Netflix’s The Devil All the Time is set in Knockemstiff, Ohio, which is not fictional, although we understandably might assume otherwise. Based on the acclaimed 2011 novel by Daniel Ray Pollock, the film lines up an impressive cast beneath filmmaker Antonio Campos, whose Christine Chubbuck biopic Christine was a hell of a character drama (that almost nobody saw). So will this sprawling Southern Gothic saga knock us stiff or leave us hanging or what?

THE DEVIL ALL THE TIME: STREAM IT OR SKIP IT?
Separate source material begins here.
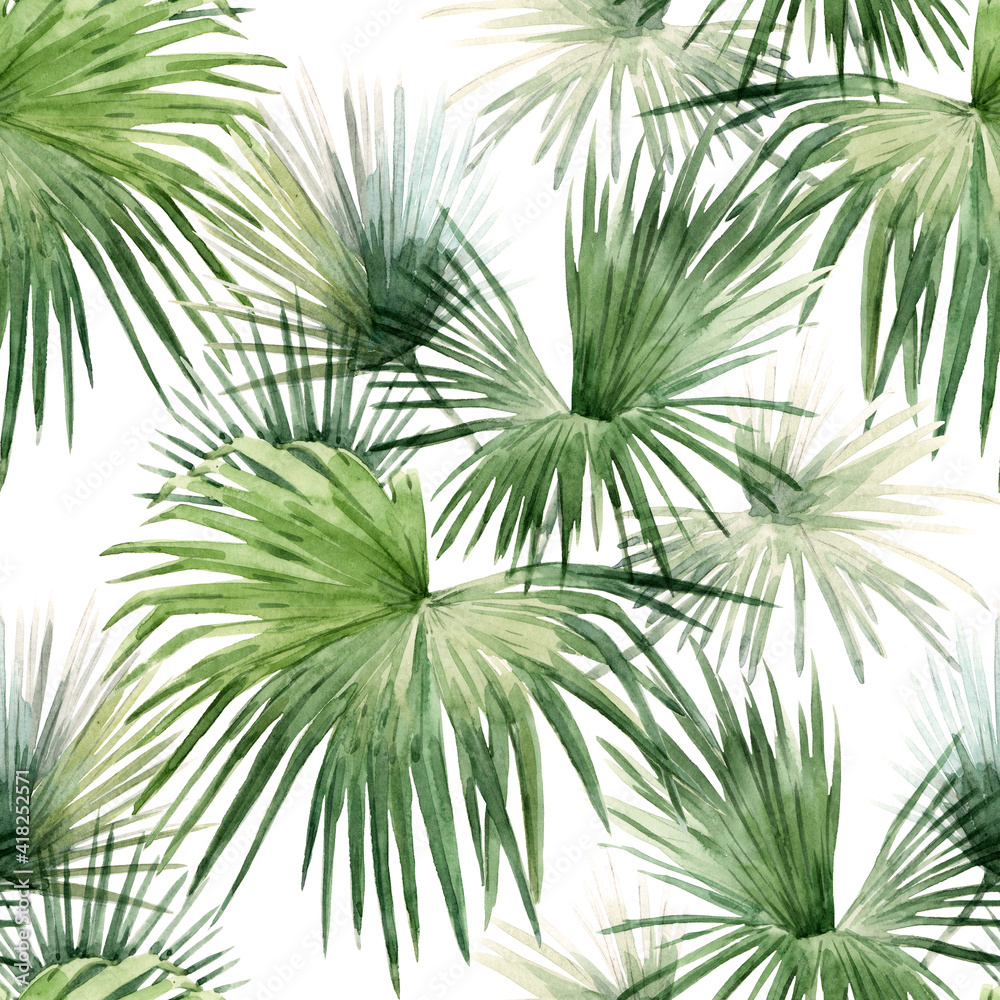Beautiful seamless pattern with watercolor tropical palm leaves. Stock illustration.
The Gist: The misery begins in Knockemstiff, 1957. Willard Russell (Bill Skarsgard) lives there with his wife Charlotte (Haley Bennett) and boy Arvin (Michael Banks Repeta). In the woods near their humble rented home, Willard put up a “weathered cross,” where he and Arvin can kneel and pray — and where Willard plots to retaliate against the three men who make disparaging comments about their family, which might mean Knockemstiff should be rebranded Clobberthashitouttaem. This is a lesson for the kid, frequently bullied, to “pick your time” for retaliation. The cross is possibly an homage to the one Willard saw in the war, although it was decorated with a crucified American soldier, dripping blood, covered in flies and not dead yet. Willard finished the man off and came home with a haunted look, so maybe the misery began a decade and some earlier, in the South Pacific.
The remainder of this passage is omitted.